James E. Snapp, Jr. said...

(Clarifications - Part 2)

Also, the discoveries of MSS such as P75 and P46 and P66 do not preclude the idea that the Alexandrian Text has been messed with. Proof that the Alexandrian Text did not emerge as the product of editing in the late 200’s is not the same as proof that it did not emerge (or, that some of its most notable readings did not originate) as the product of editing in the 100’s. Advocates of the Alexandrian Text routinely regard as editorial adjustments many Western readings that are attested in the 100’s.

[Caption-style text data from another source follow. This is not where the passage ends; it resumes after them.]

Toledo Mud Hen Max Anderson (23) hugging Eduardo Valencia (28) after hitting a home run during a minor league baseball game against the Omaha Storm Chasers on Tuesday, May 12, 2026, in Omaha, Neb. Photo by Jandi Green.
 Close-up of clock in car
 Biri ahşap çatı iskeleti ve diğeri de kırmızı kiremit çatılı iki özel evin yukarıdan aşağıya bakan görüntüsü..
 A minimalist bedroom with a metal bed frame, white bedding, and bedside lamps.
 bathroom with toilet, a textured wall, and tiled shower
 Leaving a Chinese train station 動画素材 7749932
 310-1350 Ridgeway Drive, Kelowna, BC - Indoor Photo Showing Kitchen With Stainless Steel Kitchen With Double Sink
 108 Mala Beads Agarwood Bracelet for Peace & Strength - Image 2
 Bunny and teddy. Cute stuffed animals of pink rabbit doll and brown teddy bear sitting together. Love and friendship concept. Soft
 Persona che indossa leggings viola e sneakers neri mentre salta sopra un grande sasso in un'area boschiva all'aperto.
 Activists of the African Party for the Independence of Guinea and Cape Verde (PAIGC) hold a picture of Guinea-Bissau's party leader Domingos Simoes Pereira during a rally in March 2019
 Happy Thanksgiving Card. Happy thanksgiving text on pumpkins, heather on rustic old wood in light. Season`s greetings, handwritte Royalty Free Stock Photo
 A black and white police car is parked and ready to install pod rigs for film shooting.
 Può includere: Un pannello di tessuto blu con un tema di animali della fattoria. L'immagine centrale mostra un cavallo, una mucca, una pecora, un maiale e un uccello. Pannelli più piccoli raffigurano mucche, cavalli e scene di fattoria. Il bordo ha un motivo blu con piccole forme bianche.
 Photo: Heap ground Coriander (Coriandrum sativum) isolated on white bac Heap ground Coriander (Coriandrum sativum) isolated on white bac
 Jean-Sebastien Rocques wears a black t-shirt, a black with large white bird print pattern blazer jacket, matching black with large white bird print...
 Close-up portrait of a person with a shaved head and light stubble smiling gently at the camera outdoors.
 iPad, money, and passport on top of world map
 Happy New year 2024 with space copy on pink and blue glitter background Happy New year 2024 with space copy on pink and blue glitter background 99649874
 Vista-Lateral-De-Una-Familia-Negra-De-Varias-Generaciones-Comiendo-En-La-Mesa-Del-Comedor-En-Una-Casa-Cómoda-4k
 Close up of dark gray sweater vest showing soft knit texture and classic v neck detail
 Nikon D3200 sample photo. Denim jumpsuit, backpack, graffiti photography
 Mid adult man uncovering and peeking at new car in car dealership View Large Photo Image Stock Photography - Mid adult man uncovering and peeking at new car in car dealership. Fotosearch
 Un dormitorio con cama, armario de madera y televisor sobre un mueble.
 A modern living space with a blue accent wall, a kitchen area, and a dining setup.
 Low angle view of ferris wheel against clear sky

So the idea that many Alexandrian readings are editorial adjustments is not rendered absurd by the discovery of late-second or early-third papyri. For example, Jesus’ words in Luke 23:34, "Father, forgive them, for they know not what they do" are supported by evidence that is ancient, widespread, and enormous, but the phrase is omitted, probably due to an early copyist’s anti-Jewish bias, not only in Vaticanus, but also in P75.

Now about your claim that “In terms of the Greek text, the NIV is about 800 years older than the KJV.” Granting that the KJV’s base-text contains some readings which are supported by only a smattering of late Greek MSS, the Gospels-text in the Textus Receptus is a pretty good representative of the Byzantine Text, and for the most part, when you look for support for any reading in the Byzantine Text, you will find support for it in evidence from the 400’s or earlier. And sometimes the evidence for the reading in the Byzantine Text is earlier than the evidence for the reading in the Alexandrian Text.

So, as far as the text of the Gospels is concerned, a better way of putting it might be to say that in those passages that are preserved in papyrus MSS from the 100’s and 200’s, the external evidence for readings in the base-text of the NIV tends to be about 200 (not 800!) years older than the external evidence for rival readings in the base-text of the KJV.

But this should be considered through the lens of a couple of additional considerations: first, except for P45 (which is very damaged – and which sometimes agrees with readings in the Byzantine Text, disagreeing with the Alexandrian Text) we don’t have substantial papyrus copies of Matthew or Mark from the 100’s or 200’s. Second, the survival of papyrus MSS in Egypt is a side-effect of the Egyptian climate; it is interesting that Egypt has relatively lower humidity than other parts of the world where manuscripts were being made in the 100’s and 200’s, but a reading does not become better (or worse) than its rivals merely because it was used in a climate where the humidity was low (and where, as a result, papyrus survived longer).

Yours in Christ,

James Snapp, Jr.

Ken Schenck said...

James, thank you so much for the counterargument! You are a wonderful example of how intelligent and informed the opposing position is.